__Supplied entries__
************

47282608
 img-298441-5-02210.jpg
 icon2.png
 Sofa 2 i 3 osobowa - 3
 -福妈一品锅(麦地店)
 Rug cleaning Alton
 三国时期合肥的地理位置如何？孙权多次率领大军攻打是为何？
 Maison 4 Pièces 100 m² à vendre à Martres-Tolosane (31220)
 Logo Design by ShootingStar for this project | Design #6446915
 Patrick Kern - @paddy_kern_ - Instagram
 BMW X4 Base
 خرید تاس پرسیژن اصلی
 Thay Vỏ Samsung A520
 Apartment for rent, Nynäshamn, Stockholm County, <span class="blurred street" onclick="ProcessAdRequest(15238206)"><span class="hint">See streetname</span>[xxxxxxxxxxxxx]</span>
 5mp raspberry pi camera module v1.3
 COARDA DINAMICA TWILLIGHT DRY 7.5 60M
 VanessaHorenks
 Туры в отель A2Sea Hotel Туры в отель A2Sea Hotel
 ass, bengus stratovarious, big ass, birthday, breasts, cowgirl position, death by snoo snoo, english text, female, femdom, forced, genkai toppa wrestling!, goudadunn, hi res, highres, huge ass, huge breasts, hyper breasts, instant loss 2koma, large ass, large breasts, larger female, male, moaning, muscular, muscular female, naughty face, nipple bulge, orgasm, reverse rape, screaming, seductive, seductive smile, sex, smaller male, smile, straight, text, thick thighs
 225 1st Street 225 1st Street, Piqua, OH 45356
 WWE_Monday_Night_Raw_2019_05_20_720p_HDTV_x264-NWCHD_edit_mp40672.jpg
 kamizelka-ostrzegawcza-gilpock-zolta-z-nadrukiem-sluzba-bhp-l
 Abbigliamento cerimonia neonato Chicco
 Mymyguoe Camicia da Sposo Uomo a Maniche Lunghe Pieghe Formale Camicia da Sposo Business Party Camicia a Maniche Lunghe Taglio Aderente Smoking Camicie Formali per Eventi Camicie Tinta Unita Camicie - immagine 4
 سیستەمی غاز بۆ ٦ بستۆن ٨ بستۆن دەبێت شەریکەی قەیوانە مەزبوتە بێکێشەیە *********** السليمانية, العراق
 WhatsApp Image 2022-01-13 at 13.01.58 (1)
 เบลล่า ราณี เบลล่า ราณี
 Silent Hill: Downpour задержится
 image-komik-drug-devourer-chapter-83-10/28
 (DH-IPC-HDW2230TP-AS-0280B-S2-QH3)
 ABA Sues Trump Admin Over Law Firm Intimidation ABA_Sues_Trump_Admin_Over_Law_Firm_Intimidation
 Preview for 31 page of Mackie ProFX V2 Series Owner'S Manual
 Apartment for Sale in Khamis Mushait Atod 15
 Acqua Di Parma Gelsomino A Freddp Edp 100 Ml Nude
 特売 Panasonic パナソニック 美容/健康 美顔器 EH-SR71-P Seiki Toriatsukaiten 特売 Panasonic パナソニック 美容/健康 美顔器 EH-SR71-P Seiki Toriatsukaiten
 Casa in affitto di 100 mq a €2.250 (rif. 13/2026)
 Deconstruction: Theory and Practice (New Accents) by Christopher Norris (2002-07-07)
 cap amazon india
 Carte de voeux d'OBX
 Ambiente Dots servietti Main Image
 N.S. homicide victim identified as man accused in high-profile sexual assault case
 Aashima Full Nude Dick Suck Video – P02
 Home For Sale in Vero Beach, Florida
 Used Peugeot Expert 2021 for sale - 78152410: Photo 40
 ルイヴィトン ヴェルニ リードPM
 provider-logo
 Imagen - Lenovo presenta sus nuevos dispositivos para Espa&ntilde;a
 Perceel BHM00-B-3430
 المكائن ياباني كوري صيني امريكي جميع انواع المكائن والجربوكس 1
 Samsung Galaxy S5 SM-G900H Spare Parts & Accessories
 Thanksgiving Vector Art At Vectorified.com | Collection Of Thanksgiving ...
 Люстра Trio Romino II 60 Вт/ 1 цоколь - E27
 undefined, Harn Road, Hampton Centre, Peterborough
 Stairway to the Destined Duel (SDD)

************

__Exercise details__
Lines from the beginning of the data above through the line containing "Mymyguoe Camicia da" are to be returned exactly, and no others.

__Response area__
47282608
 img-298441-5-02210.jpg
 icon2.png
 Sofa 2 i 3 osobowa - 3
 -福妈一品锅(麦地店)
 Rug cleaning Alton
 三国时期合肥的地理位置如何？孙权多次率领大军攻打是为何？
 Maison 4 Pièces 100 m² à vendre à Martres-Tolosane (31220)
 Logo Design by ShootingStar for this project | Design #6446915
 Patrick Kern - @paddy_kern_ - Instagram
 BMW X4 Base
 خرید تاس پرسیژن اصلی
 Thay Vỏ Samsung A520
 Apartment for rent, Nynäshamn, Stockholm County, <span class="blurred street" onclick="ProcessAdRequest(15238206)"><span class="hint">See streetname</span>[xxxxxxxxxxxxx]</span>
 5mp raspberry pi camera module v1.3
 COARDA DINAMICA TWILLIGHT DRY 7.5 60M
 VanessaHorenks
 Туры в отель A2Sea Hotel Туры в отель A2Sea Hotel
 ass, bengus stratovarious, big ass, birthday, breasts, cowgirl position, death by snoo snoo, english text, female, femdom, forced, genkai toppa wrestling!, goudadunn, hi res, highres, huge ass, huge breasts, hyper breasts, instant loss 2koma, large ass, large breasts, larger female, male, moaning, muscular, muscular female, naughty face, nipple bulge, orgasm, reverse rape, screaming, seductive, seductive smile, sex, smaller male, smile, straight, text, thick thighs
 225 1st Street 225 1st Street, Piqua, OH 45356
 WWE_Monday_Night_Raw_2019_05_20_720p_HDTV_x264-NWCHD_edit_mp40672.jpg
 kamizelka-ostrzegawcza-gilpock-zolta-z-nadrukiem-sluzba-bhp-l
 Abbigliamento cerimonia neonato Chicco
 Mymyguoe Camicia da Sposo Uomo a Maniche Lunghe Pieghe Formale Camicia da Sposo Business Party Camicia a Maniche Lunghe Taglio Aderente Smoking Camicie Formali per Eventi Camicie Tinta Unita Camicie - immagine 4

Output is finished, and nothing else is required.